**DATA LISTING**
• • • •

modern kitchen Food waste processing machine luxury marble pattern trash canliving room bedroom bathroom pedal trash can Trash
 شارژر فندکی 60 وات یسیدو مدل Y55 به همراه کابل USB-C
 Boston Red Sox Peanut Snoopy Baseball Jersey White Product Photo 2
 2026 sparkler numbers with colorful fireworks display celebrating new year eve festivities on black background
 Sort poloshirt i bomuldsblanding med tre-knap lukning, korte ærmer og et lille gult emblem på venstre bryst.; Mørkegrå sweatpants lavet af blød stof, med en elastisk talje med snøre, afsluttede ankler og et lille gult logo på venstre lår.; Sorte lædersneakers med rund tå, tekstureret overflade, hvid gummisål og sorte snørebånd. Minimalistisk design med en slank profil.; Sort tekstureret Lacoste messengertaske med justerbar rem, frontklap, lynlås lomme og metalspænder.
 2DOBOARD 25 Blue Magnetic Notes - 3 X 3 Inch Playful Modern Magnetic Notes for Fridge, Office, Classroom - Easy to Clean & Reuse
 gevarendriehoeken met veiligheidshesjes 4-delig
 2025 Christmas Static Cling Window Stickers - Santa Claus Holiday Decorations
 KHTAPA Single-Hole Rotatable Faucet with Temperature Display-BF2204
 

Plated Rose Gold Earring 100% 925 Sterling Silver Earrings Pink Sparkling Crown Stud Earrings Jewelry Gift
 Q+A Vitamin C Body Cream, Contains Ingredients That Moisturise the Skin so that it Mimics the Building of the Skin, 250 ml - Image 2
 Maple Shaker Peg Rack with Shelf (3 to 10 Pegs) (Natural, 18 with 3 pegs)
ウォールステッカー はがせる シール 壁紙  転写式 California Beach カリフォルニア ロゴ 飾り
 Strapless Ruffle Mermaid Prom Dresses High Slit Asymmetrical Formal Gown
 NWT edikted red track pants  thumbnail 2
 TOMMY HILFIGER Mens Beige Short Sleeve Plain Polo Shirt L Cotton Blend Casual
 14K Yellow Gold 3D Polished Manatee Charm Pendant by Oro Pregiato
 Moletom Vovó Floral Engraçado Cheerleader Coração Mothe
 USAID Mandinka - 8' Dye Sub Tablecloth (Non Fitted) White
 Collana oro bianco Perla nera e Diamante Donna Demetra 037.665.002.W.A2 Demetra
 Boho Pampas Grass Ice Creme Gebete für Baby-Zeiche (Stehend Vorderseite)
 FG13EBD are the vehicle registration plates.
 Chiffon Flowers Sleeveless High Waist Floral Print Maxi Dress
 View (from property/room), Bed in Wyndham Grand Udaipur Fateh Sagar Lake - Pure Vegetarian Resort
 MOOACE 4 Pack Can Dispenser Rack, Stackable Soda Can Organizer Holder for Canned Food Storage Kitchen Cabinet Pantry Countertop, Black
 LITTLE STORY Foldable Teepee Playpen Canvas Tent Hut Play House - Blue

• • • •

**WORK ITEM**
Would you output the material above once more, exactly as given?

**ANSWER BOX**
modern kitchen Food waste processing machine luxury marble pattern trash canliving room bedroom bathroom pedal trash can Trash
 شارژر فندکی 60 وات یسیدو مدل Y55 به همراه کابل USB-C
 Boston Red Sox Peanut Snoopy Baseball Jersey White Product Photo 2
 2026 sparkler numbers with colorful fireworks display celebrating new year eve festivities on black background
 Sort poloshirt i bomuldsblanding med tre-knap lukning, korte ærmer og et lille gult emblem på venstre bryst.; Mørkegrå sweatpants lavet af blød stof, med en elastisk talje med snøre, afsluttede ankler og et lille gult logo på venstre lår.; Sorte lædersneakers med rund tå, tekstureret overflade, hvid gummisål og sorte snørebånd. Minimalistisk design med en slank profil.; Sort tekstureret Lacoste messengertaske med justerbar rem, frontklap, lynlås lomme og metalspænder.
 2DOBOARD 25 Blue Magnetic Notes - 3 X 3 Inch Playful Modern Magnetic Notes for Fridge, Office, Classroom - Easy to Clean & Reuse
 gevarendriehoeken met veiligheidshesjes 4-delig
 2025 Christmas Static Cling Window Stickers - Santa Claus Holiday Decorations
 KHTAPA Single-Hole Rotatable Faucet with Temperature Display-BF2204
 

Plated Rose Gold Earring 100% 925 Sterling Silver Earrings Pink Sparkling Crown Stud Earrings Jewelry Gift
 Q+A Vitamin C Body Cream, Contains Ingredients That Moisturise the Skin so that it Mimics the Building of the Skin, 250 ml - Image 2
 Maple Shaker Peg Rack with Shelf (3 to 10 Pegs) (Natural, 18 with 3 pegs)
ウォールステッカー はがせる シール 壁紙  転写式 California Beach カリフォルニア ロゴ 飾り
 Strapless Ruffle Mermaid Prom Dresses High Slit Asymmetrical Formal Gown
 NWT edikted red track pants  thumbnail 2
 TOMMY HILFIGER Mens Beige Short Sleeve Plain Polo Shirt L Cotton Blend Casual
 14K Yellow Gold 3D Polished Manatee Charm Pendant by Oro Pregiato
 Moletom Vovó Floral Engraçado Cheerleader Coração Mothe
 USAID Mandinka - 8' Dye Sub Tablecloth (Non Fitted) White
 Collana oro bianco Perla nera e Diamante Donna Demetra 037.665.002.W.A2 Demetra
 Boho Pampas Grass Ice Creme Gebete für Baby-Zeiche (Stehend Vorderseite)
 FG13EBD are the vehicle registration plates.
 Chiffon Flowers Sleeveless High Waist Floral Print Maxi Dress
 View (from property/room), Bed in Wyndham Grand Udaipur Fateh Sagar Lake - Pure Vegetarian Resort
 MOOACE 4 Pack Can Dispenser Rack, Stackable Soda Can Organizer Holder for Canned Food Storage Kitchen Cabinet Pantry Countertop, Black
 LITTLE STORY Foldable Teepee Playpen Canvas Tent Hut Play House - Blue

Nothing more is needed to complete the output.